Defensive coordinator Kent Baer does not believe that the Irish will see what many believe will be a weak Washington team on Saturday. The third-year Irish defensive coordinator said he thinks they have plenty of talent on both sides of the ball to defeat the Irish.
"I think they're pretty good," Baer said of the Huskies. "They scored 31 points against UCLA. (They) rush for 200 yards a game, pass for 200 yards a game—this is the most balanced offense we've seen. May be the best offensive we've seen. They don't play like a 0-2 team. I think it's the biggest challenge we've had this year."
A lot of Irish fans are expecting a blowout in this game against a struggling Washington team. However, the Irish had their chances to put away a tired Michigan State team and couldn't do that last week. Baer said the fact has kind of soured the win for him.
"I'm disappointed in how we finished that game," said Baer. "It still bothers me. It's hard to enjoy a win when I think we need to finish better. I don't know what it was, but we're going to learn how to finish."
With the Irish having two straight wins under their belt, the fear is they might become overconfident and maybe look ahead to some big games on their schedule. Baer says he likes the attitude of his team, and doesn't foresee that happening.
"Sometimes you have to get their attention and maybe sometimes they read too much about themselves," he said. "I like their attitude. They have a little bit of a chip on their shoulder. They're out to prove something, and I like that. As long as we can keep that attitude then I think we have a chance to keep getting better."
The Irish defense has been on fire lately creating turnovers. In three games, the Irish have recorded 11 turnovers. Baer says creating turnovers is something they place a high priority on every day in practice.
"It's amazing how many people call me wanting to know how we do turnovers," Baer said. "The only thing I can say is we emphasize it a lot. We work on it—we're always trying to strip the ball, always trying to catch the ball, always trying to scoop and score. Those turnovers are big."There's going to be a game where we don't get any. So it goes back to playing great fundamental football. You can't count on those all the time.
"We always talk about tackling first. Some of those turnovers were on tackles—just good, solid hits on tackles, and not really trying to strip the ball. The thing that I always chart is how many times the ball is on the ground and fumbles you get. We're getting a lot of them."
The Irish defensive coordinator says they scout potential turnover targets on film every week.
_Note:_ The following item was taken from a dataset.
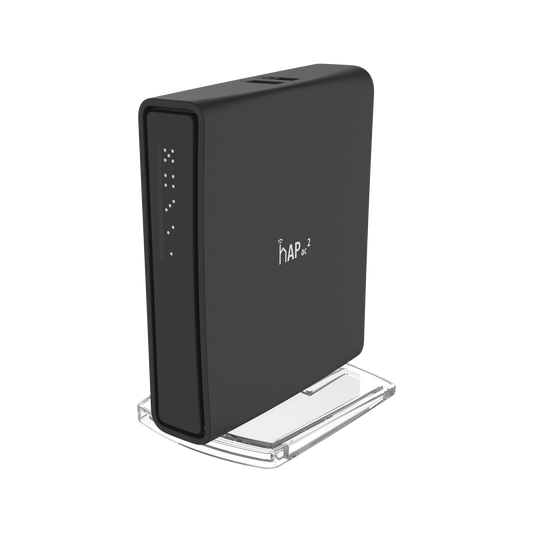 (hAP ac2) 5 Puertos Gigabit Ethernet, 1 puerto USB, Doble Banda 802.11 b/g/n/ac, antena de 2.5 dBi hasta 500 mW de Potencia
"We talk about it all the time. ‘This guy carries the ball loose, he changes hands.' We talk about it with almost every guy we see on film so that's always a point of emphasis," Baer said.
Cornerback Mike Richardson saw a lot of action in the Michigan State game. Baer was asked how he thought Richardson performed.
"I thought he did great," Baer said of Richardson. "The thing that I liked is that I thought he played really physical. That's what he is, a big, strong, physical corner that's got good instincts to the run. I thought he played pretty well for us."
"Carlos is a little banged up," said Baer when asked why Richardson replaced the usual third corner, Carlos Campbell. "You just got to go to your next and Mike's played a lot for us. I kind of look at him as a starter."
Irish offensive coordinator Bill Diedrick also said he believes the Huskies are quite a bit better than most people give credit.
"I think you look them, and the two games that they've played, they've played very well against Fresno State and against UCLA," said Diedrick. "They gave up a number of big plays, and it was two different defenses.
"I think that all and all, when you look at them personnel-wise, they're very athletic and they've got good team speed. They've got a veteran secondary and that probably speaks for why they're No. 4 in passing defense."
The Irish have found a solid running game in their last two wins and Diedrick was asked why he felt the Irish were able to run the football the last two games.
"I think that you've got a couple of runners that are hitting the hole and hitting it down hill," said Diedrick. :I think you've also got a group up front that are creating some seams. When you get that, and you get a guy running hard, the two kind of mesh."
Diedrick also said he's perfectly happy with the run-to-pass ratio the Irish have been having the last two weeks.
"When you are able to run the football it opens up so many more things that you're able to do," Diedrick said. "As long as the running game goes, I think it really allows you to do the things that you want to do.
"You take the first game for example when you're not able to run the ball. When you're dropping back 55-60 times, that's not good, it's not good for anybody."
Diedrick said he was also very pleased with the seven-play drive that included all running plays that put the Irish up 28-7 in the third quarter against Michigan State.
"That was a super drive because it was, I think, 21-7 at the time," said Diedrick. "It took some time off the clock, but it was seven plays that we're pounding right at them that I think your team really appreciates. It kind of is able to maybe take the heart out of them."
The Irish could use many more drives like that drive against Washington on Saturday. With three straight home games, the Irish have a golden opportunity to climb into the top 25 with some impressive wins.